1

So, im used to use jaro_winkler and else in order to match stings that our customers provides us and using those pcts to find the customers at our database since we dont really have a Key as most of the other places have, like SSN, SIN, CPF and stuffs like that, we cant ask the customer for this info, so... the thing is, im trying to use the same jaro_winkler function that im used to, but now, to let the customer able to input 1 typo wrong on their dates of birth, but, now comes the bad part, depending on the disposal of the wrong typo, it keeps changing the result, i had calculate 0.96 as expecting result once the customer places a wrong typo... but, as you can see bellow, depeding on where i change the typo, it keeps giving me different kind`s of results.
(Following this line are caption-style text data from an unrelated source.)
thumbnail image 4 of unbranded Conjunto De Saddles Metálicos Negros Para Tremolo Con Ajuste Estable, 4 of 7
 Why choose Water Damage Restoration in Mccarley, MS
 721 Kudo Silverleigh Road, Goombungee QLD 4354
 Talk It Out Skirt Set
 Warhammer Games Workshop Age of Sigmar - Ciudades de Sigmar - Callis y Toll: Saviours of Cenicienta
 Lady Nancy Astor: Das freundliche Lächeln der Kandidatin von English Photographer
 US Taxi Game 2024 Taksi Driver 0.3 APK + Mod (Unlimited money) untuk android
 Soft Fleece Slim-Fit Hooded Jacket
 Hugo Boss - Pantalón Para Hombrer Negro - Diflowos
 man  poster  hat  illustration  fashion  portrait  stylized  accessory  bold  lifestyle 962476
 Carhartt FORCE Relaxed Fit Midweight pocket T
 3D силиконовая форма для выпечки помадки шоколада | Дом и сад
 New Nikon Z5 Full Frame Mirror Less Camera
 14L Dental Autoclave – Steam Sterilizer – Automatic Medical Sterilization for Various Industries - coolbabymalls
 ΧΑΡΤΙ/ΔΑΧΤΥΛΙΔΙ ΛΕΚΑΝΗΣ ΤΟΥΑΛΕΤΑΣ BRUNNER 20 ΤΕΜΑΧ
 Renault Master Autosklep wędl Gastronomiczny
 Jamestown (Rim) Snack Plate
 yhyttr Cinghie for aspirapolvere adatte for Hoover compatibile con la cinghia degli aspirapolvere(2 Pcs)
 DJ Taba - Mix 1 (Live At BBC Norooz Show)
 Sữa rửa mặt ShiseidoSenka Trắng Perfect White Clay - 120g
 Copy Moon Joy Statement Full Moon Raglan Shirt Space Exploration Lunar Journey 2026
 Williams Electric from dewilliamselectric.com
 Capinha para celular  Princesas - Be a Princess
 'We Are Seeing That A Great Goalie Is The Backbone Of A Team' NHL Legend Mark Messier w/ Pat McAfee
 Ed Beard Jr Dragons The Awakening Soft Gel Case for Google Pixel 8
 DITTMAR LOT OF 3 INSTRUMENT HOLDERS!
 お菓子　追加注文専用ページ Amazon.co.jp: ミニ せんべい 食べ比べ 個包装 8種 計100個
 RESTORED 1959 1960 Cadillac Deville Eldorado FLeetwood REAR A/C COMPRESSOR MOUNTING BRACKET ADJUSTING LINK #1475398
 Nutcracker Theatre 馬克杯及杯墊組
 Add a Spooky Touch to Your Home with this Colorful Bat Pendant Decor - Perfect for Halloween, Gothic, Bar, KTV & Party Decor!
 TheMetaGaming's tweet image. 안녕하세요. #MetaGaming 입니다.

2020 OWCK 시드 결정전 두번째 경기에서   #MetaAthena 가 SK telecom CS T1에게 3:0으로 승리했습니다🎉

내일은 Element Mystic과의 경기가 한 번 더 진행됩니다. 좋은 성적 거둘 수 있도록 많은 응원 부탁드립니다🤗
Changing the last typo at year from 60 to 61

SELECT UTL_MATCH.jaro_winkler ('12/10/1961','12/10/1960') FROM DUAL;

it gaves me the accurate rating that i was expecting which is 0.96

but using a different day, by one typo as well, as you can see bellow

SELECT UTL_MATCH.jaro_winkler ('11/10/1960','12/10/1960') FROM DUAL;

The pct`s drop ALOT and goes to 0.873333333333333

I`ve tried to combine alot of different kinds of changes regarding 1 wrong typo, and the result changes everytime, depending what is my set of data, the disposal and else, so, im wondering if there is a way to set the matching more ~static~ maybe, to just compare the whole sting and give me the result based on the whole sting and not based on the disposals and else

Plues, ive tried to used different kinds of masks, as YYYYMMDD and else, nothing works so far..

Ytipsh
  • 37
  • 2
  • 10
  • 2
    Jaro-Winkler seems like a poor algorithm. I'd guess that you'd want the `edit_distance` or `edit_distance_similarity` from `utl_match` instead. Jaro-Winkler gives priority to the leading characters of the string. – Justin Cave Sep 24 '15 at 17:47
  • @JustinCave Hi Justin, indeed i`ve already tried edit_distance as well, but the pct`s seems to be even more weird once i change 1 typo from different places, but tks for the head`s up, i do think Jaro is a poor Algorithm as well, thou – Ytipsh Sep 24 '15 at 17:50
  • I don't understand. The `edit_distance` between '12/10/1961' and either '12/10/1960', '12/11/1961', or '11/10/1961' is 1. That seems to be exactly what you are asking for. If that is not what you want, can you clarify your question? – Justin Cave Sep 24 '15 at 17:54
  • @JustinCave yeap, it`s true, but the distance between '12/09/1961' and '12/10/1961' is equal to 2, cos customers pick their month at a drop down list – Ytipsh Sep 24 '15 at 18:15
  • 3
    So you're not looking for string typo's at all then. So any string matching algorithm is a poor approach. You can take two `date` values (not strings), calculate the interval between them, then sum the absolute value difference of years, months, and days. – Justin Cave Sep 24 '15 at 18:32
  • @JustinCave Hey Justin, i've following your tip and btw, it look good thou, will let you know if it worked for me, tks alot btw – Ytipsh Sep 24 '15 at 21:49
  • @JustinCave after some adjustments, and some other things to consider at the design of the process, it worked like a charm, tks Justin for this tip! – Ytipsh Sep 25 '15 at 12:46

0 Answers0